Or if you were eager to implement, a tcp first with fallback to udp upon call failure(so no tcp retransmit) is doable now if this was an itch you have been wanting to scratch hah. Where if its tcp success it goes in the ml-cache and used by all workers and if that call happens to fail it ends up udp + cache in a local lru. Likely would just be easier to fork the dns dependency and add re-transmit though at that point 😄 . Anyways I will leave it at that, don't wanna derail this PR too much but interesting discussion.

@p0pr0ck5
Copy link
Contributor

TCP DNS queries do not imply that the server will return a “full list” of records for a name, and UDP queries do not imply that a “partial” list is returned. The underlying transport is unrelated to the number of records returned. If the authoritative server (or an intermediate resolver) is only returning a subset of the record set, that’s a problem with that resolver/auth server, not the transport or client. Forcing TCP queries to try to get a full list of records is incorrect behavior. For example, the behavior of Consul returning a subset of records is unrelated to the transport mechanism, as documented by Consul:

Note that DNS is limited in size per request, even when performing DNS TCP queries.

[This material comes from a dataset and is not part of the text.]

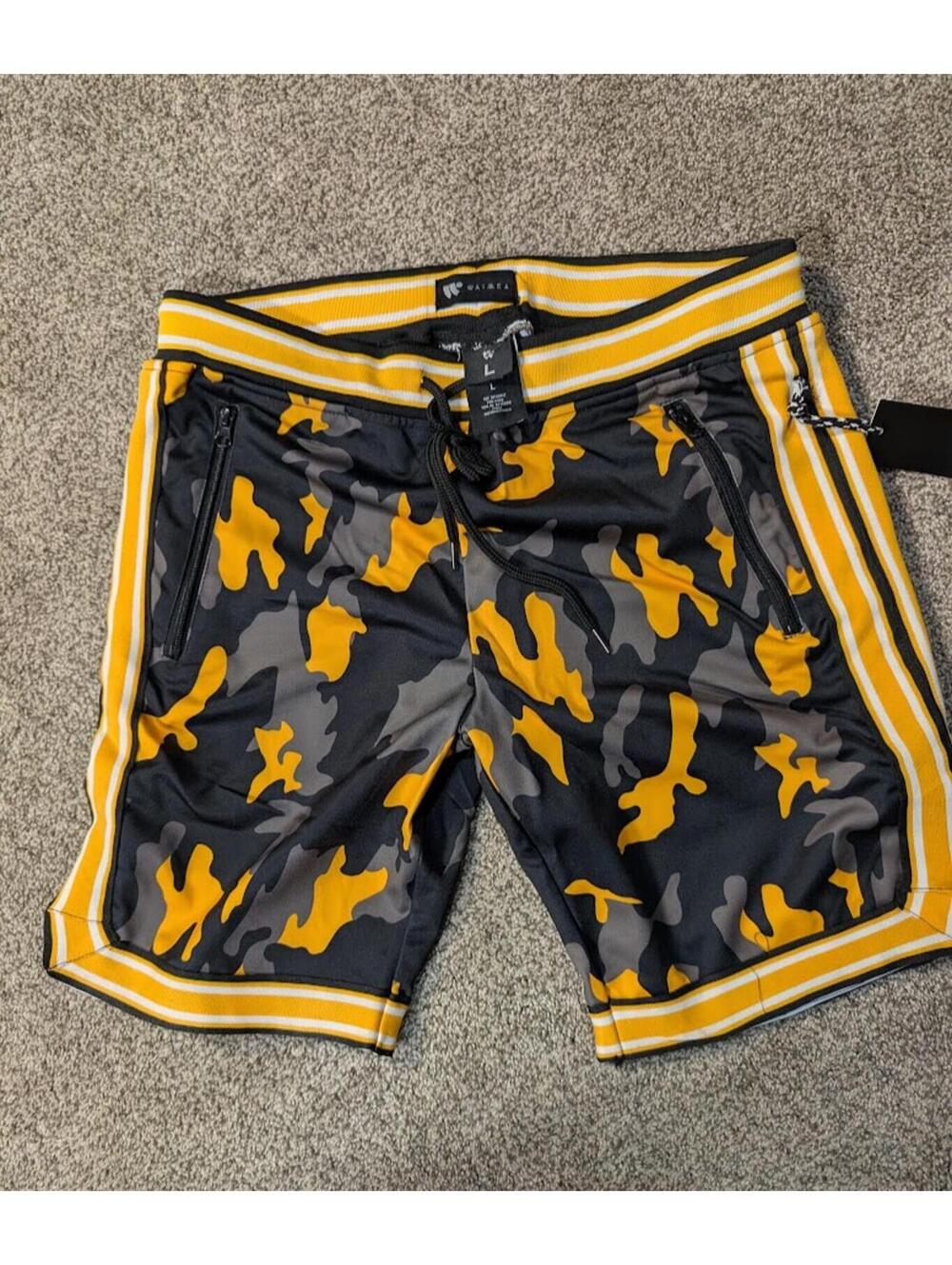 Waimea Camo Mesh Shorts Large NWT Yellow Black Gray Basketball Gym M7133PPSA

https://www.consul.io/docs/agent/dns.html

Consuls resolver also has some questionable behavior, like truncating responses without setting the truncate flag 😳 and this behavior is configurable anyhow:

https://www.consul.io/docs/agent/options.html#enable_truncate

If anything, the approach of caching records at all is antithetical to the approach of supporting the edge case of “round robining” multiple different answers from an authoritative DNS server. If Kong wants to support response record sets that would be truncated over TCP, it should follow the spec and fetch the record set over TCP (and Consul should be configured appropriately).

@kikito
Copy link
Member Author

kikito commented May 29, 2019

I tried the test suggested by @hisham. Here's the bash script I used:

for i in {1..20}
do
  kong start &> test.log
  http POST :8001/services name=serv host=example.net path=/ &> test.log
  http POST :8001/services/serv/routes hosts:='["example.net"]' name=rout &> test.log
  sleep 3
  http :8000 Host:example.net -h 2>&1 | grep X-Kong-Proxy-Latency
  http DELETE :8001/routes/rout &> test.log
  http DELETE :8001/services/serv &> test.log
  kong stop &> test.log
done

(Twenty times, start kong, create route and service, wait 3 seconds, route traffic towards the service, output the X-Kong-Proxy-Latency value, then delete everything and stop kong. Notice that I increased the wait time to make sure that the events were propagated.)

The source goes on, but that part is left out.